Extracellular vesicle protein levels are related to brain atrophy and cerebral white matter lesions in patients with manifest vascular disease: the SMART-MR study.

Objectives Extracellular vesicles (EVs) and their protein levels have been identified as a potential risk marker for the development of vascular disease. In the present study, we assessed whether levels of four previously identified EV proteins (cystatin C, serpin G1, serpin F2 and CD14) are associated with cerebral white matter lesions (WMLs) and brain atrophy. Design Cohort study; cross-sectional and prospective. Setting Single centre, secondary and tertiary setting. Participants 1309 patients with manifest vascular disease from the Second Manifestations of ARTerial disease-MR (SMART-MR) study, of which 994 had successful brain MRI and EV protein level measurements. Outcomes WML and brain parenchymal fraction (BPF), as parameter for brain atrophy, at baseline and follow-up. Statistical methods The relationship between EV protein levels and WML volume (expressed as log transformed percentage of intracranial volume) and BPF (expressed percentage of intracranial volume) on 1.5T brain MRI was assessed with multivariable linear regression modelling.

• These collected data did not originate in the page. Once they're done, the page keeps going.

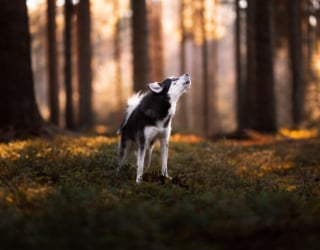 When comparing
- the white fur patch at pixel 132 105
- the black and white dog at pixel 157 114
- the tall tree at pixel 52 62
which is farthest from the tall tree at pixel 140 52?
the black and white dog at pixel 157 114

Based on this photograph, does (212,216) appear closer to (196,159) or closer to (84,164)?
(84,164)

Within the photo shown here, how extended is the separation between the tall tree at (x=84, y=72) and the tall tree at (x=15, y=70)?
12.1m

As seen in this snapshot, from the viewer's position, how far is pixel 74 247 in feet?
15.4

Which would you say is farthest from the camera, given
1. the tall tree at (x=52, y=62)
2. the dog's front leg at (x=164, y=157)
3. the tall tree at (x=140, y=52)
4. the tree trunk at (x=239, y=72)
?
the tree trunk at (x=239, y=72)

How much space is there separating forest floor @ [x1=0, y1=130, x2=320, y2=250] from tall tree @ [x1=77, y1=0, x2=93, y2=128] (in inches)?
637

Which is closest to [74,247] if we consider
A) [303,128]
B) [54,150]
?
[54,150]

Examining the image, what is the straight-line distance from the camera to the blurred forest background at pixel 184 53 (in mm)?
20953

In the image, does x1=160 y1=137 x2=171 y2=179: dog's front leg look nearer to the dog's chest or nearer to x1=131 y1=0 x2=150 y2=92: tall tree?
the dog's chest

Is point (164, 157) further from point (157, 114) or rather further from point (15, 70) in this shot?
point (15, 70)

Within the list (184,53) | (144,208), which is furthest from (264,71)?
(184,53)

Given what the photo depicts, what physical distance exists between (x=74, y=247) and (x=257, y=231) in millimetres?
1987

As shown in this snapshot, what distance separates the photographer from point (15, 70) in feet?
44.4

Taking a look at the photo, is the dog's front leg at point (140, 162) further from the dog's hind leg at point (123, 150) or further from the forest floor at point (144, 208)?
the dog's hind leg at point (123, 150)

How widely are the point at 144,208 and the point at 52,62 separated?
19061mm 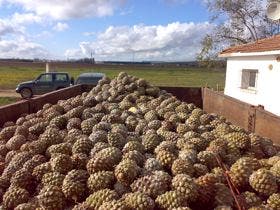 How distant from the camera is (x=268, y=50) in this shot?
12727 millimetres

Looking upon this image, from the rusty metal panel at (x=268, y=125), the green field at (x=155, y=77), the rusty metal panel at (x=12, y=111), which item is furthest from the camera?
the green field at (x=155, y=77)

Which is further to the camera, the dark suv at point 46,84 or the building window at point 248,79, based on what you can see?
the dark suv at point 46,84

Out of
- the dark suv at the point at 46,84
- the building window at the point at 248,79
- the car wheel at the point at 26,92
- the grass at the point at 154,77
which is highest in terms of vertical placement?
the building window at the point at 248,79

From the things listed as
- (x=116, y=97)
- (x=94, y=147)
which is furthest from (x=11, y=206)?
(x=116, y=97)

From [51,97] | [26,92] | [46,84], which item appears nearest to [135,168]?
[51,97]

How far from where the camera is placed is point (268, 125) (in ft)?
16.1

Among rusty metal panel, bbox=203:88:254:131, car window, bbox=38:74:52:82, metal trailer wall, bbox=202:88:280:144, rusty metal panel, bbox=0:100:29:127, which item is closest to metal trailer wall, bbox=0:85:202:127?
rusty metal panel, bbox=0:100:29:127

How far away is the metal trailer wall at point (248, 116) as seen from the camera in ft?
Result: 15.6

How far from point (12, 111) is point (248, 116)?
3324mm

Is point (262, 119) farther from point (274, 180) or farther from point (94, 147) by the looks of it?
point (94, 147)

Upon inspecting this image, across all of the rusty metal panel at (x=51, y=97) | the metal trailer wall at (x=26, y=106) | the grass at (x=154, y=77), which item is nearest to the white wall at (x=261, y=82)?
the rusty metal panel at (x=51, y=97)

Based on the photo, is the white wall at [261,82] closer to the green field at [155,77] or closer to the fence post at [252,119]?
the fence post at [252,119]

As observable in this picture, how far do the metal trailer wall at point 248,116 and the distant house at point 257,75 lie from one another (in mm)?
5378

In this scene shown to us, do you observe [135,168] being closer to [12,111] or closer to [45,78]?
[12,111] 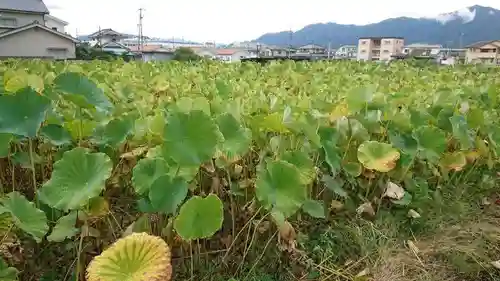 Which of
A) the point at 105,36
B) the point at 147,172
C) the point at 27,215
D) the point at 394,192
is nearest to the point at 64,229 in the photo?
the point at 27,215

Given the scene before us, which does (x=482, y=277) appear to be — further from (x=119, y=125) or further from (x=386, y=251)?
(x=119, y=125)

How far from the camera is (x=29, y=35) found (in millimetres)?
20281

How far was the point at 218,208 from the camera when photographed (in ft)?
3.98

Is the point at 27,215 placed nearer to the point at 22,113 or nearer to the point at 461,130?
the point at 22,113

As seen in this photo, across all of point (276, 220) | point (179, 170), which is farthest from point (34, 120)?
point (276, 220)

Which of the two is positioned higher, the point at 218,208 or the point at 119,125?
the point at 119,125

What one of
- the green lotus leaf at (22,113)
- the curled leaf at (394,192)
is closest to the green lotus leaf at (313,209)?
the curled leaf at (394,192)

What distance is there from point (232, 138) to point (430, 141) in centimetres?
86

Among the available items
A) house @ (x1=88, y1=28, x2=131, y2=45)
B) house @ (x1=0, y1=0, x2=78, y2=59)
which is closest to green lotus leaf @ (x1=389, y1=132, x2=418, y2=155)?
house @ (x1=0, y1=0, x2=78, y2=59)

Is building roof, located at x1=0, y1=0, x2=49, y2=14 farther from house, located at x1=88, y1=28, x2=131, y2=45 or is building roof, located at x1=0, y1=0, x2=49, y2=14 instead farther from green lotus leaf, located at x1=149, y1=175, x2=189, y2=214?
green lotus leaf, located at x1=149, y1=175, x2=189, y2=214

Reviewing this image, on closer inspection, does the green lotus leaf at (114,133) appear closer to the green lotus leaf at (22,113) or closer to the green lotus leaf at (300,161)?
the green lotus leaf at (22,113)

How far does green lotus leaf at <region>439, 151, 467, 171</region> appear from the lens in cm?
191

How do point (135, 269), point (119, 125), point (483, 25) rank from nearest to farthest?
point (135, 269)
point (119, 125)
point (483, 25)

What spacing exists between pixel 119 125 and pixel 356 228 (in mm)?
942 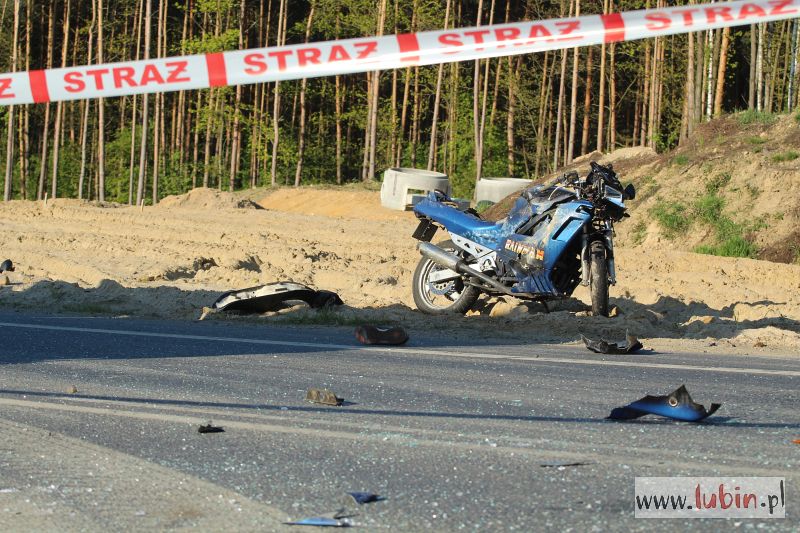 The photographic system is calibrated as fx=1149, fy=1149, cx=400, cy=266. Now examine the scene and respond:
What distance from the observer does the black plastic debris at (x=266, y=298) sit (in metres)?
11.2

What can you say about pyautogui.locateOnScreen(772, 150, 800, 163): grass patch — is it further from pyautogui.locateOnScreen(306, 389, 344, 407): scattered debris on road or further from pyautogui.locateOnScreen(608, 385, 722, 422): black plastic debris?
pyautogui.locateOnScreen(306, 389, 344, 407): scattered debris on road

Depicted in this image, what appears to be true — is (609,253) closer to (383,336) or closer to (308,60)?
(383,336)

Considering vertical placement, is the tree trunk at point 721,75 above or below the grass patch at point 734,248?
above

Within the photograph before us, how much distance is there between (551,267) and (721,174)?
37.4 feet

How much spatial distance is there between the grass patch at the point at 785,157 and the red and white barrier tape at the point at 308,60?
10790 mm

Subsequently, the relationship between baseline EV protein levels and progression of atrophy and WML was analysed in 534 patients, in whom a follow-up MRI was obtained after 4years. Results Higher EV-cystatin C and EV-CD14 were significantly associated with larger WML volume (linear regression coefficient (95% CI) 0.10 log %/SD (0.04 to 0.17) and 0.14 log %/SD (0.07 to 0.20), respectively. Higher EV-CD14 was associated with more brain atrophy (-0.14%/SD; -0.27 to -0.01). Baseline EV-CD14 was significantly associated with increase of WMLs (0.11 log %/SD (0.04 to 0.18)). No relationship with EV-serpins was observed at baseline or at follow-up. Conclusions EV proteins cystatin C and CD14 are related to cerebral WMLs and the progression of brain atrophy in patients with manifest vascular disease, potentially identifying EVs in the aetiology of structural brain changes.